[−][src]Module binjs::io::context::format

Format documentation.

Context 0.1 Format (née "fbssdc")

Dominic Cooney (dpc) 2019-06-27
Reformated for markdown David Teller (yoric) 2019-09-02

Overview

BinAST is a Work In Progress format for JavaScript programs designed for compact transfer and fast, streaming startup. This document describes the "Context 0.1" format of files on disk.

The goals of this iteration of the BinAST format are to:

Represent JavaScript syntax trees and metadata about variable capture, etc.
Be compact when compressed with Brotli.
Support random access to the content of lazy functions within the decompressed stream.

The syntax trees and metadata are described in this IDL file: https://github.com/binast/binjs-ref/spec/es6.webidl and can be produced using the binjs_encode tool’s --show-ast option; see https://github.com/binast/binjs-ref/. You should have a copy of the IDL handy when reading this document.

This document describes the structure of the files on disk at the bit level. This document includes commentary about design choices in the format, but not in the AST/IDL structure. The Context 0.1 format consists of the following items, in order:

A signature, the bytes 89h, 42h, 4ah, 53h (these three bytes "BJS") dh ah 0h ah 2h (NOTE: Currently not implemented!)
A table of strings.
A set of tables for constructing codes used to decode the AST
An encoded Script AST node

The subsequent sections describe each of these items in detail.

To ease skimming, the format is summarized in BNF in green. The previous list can be written this way:

File ::= Signature StringTable
         CodeTables Node

Repeated items will be written between square brackets with braces indicating the number of items. Literal bytes will be written in hexadecimal with a trailing h.

Signature

The file starts with these bytes: 89h, 42h, 4ah, 53h (these three bytes "BJS") dh ah 0h ah followed by a version number.

Signature ::= 89h 42h 4ah 53h 0dh 0ah 00h 0ah VersionNumber
VersionNumber ::= 02h

String Table

JavaScript programs contain a lot of text data, not only in string literals, but also in property names, variable names, etc. The format lifts string data into a header section and refers to strings by index.

This has a couple of benefits: First, property names can be relatively long and are referred to repetitively, so using an index is more succinct.
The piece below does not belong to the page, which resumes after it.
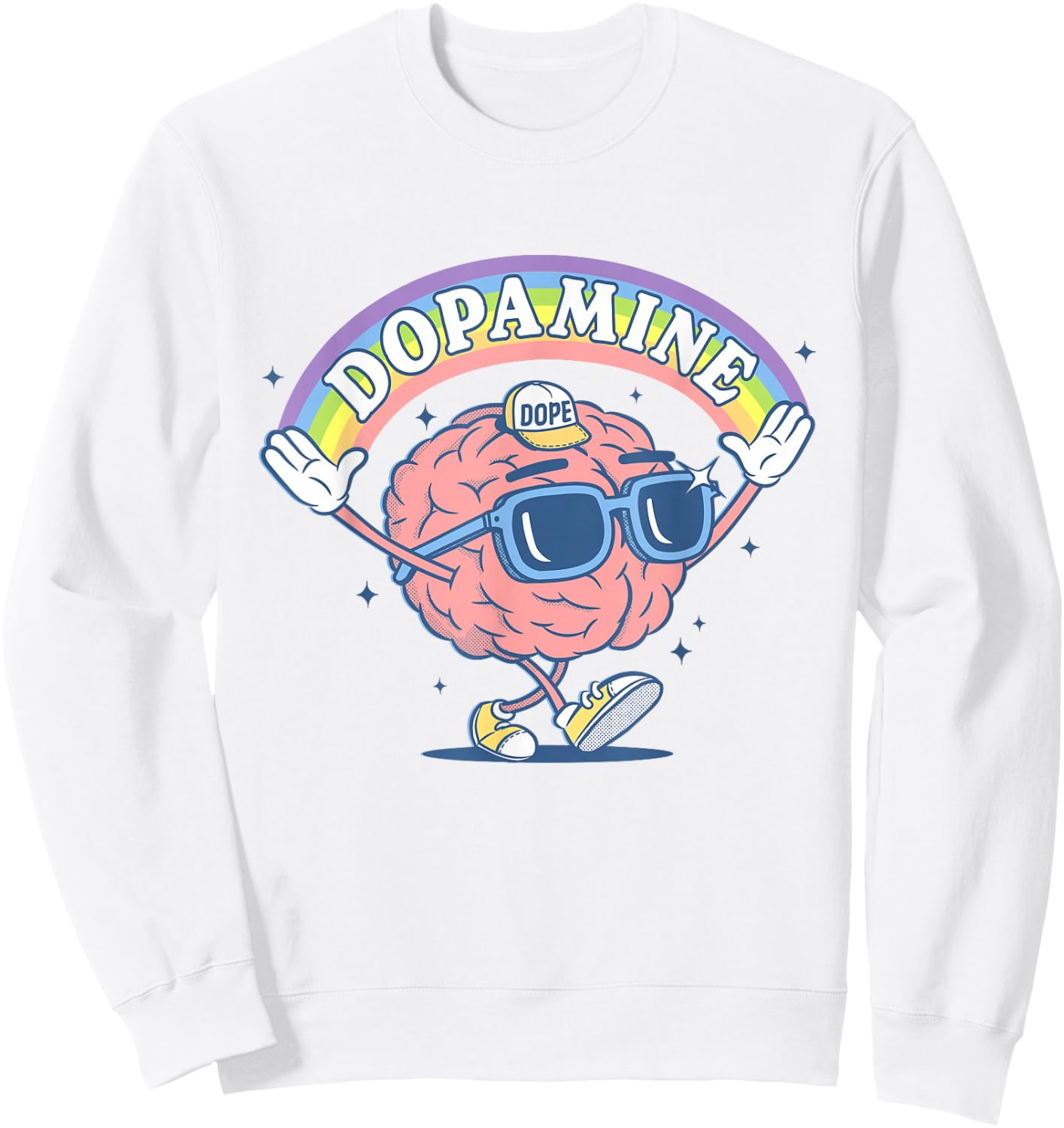 Funny Dopamine Rainbow Brain Sweatshirt - Sweatshirt | White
Second, there is a lot of redundancy between strings and Brotli compresses these more effectively if they are close together (although the benefit only scales ~logarithmically.)

String Table Format

The string table consists of:

The number of strings, n, in varuint encoding.
n strings.

Each string consists of the literal bytes of string content, with a null terminator. Because strings may contain embedded nulls, nulls are escaped as 01h 00h, which means 01h bytes must be escaped too; they’re escaped as 01h 01h.
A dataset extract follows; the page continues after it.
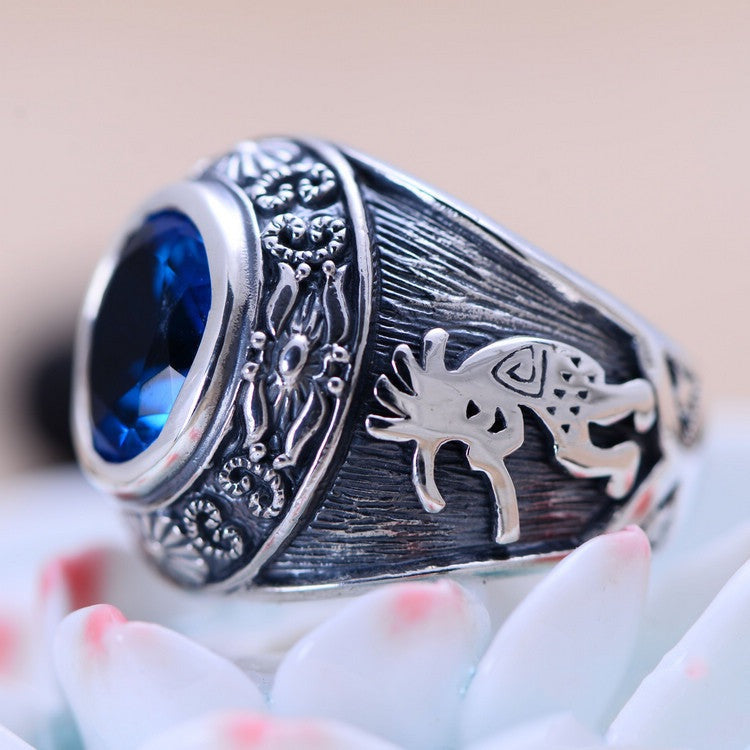 Totem Synthesis Blue Crystal - The Nevermore Ring 925 Silver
The format does not do any semantically impactful string mangling, for example, if a string literal has an escape sequence, the escape sequence will be represented in the string data.

StringTable ::= StringCount [String]{StringCount}
StringCount ::= VarUint
String ::= [StringByte] 00h
StringBytes ::= 02h .. ffh   (a literal byte)
              | 01 00h       (the byte 00h)
              | 01 01h       (the byte 01h)

External String Tables

The format can optionally refer to strings from an external string table. External string tables make it possible to produce very small files because strings can often be cached, reused, and shared between files (for example a library function and its caller will both refer to that method’s name.) These strings are assigned indices starting after the last intrinsic string. The external string table is specified out-of-band and a decoder has limited capacity to detect a missing external string table -- when it encounters an out-of-bounds string table reference.

External string tables start with the ASCII bytes astdict. The following bytes are in the same format as the intrinsic string table.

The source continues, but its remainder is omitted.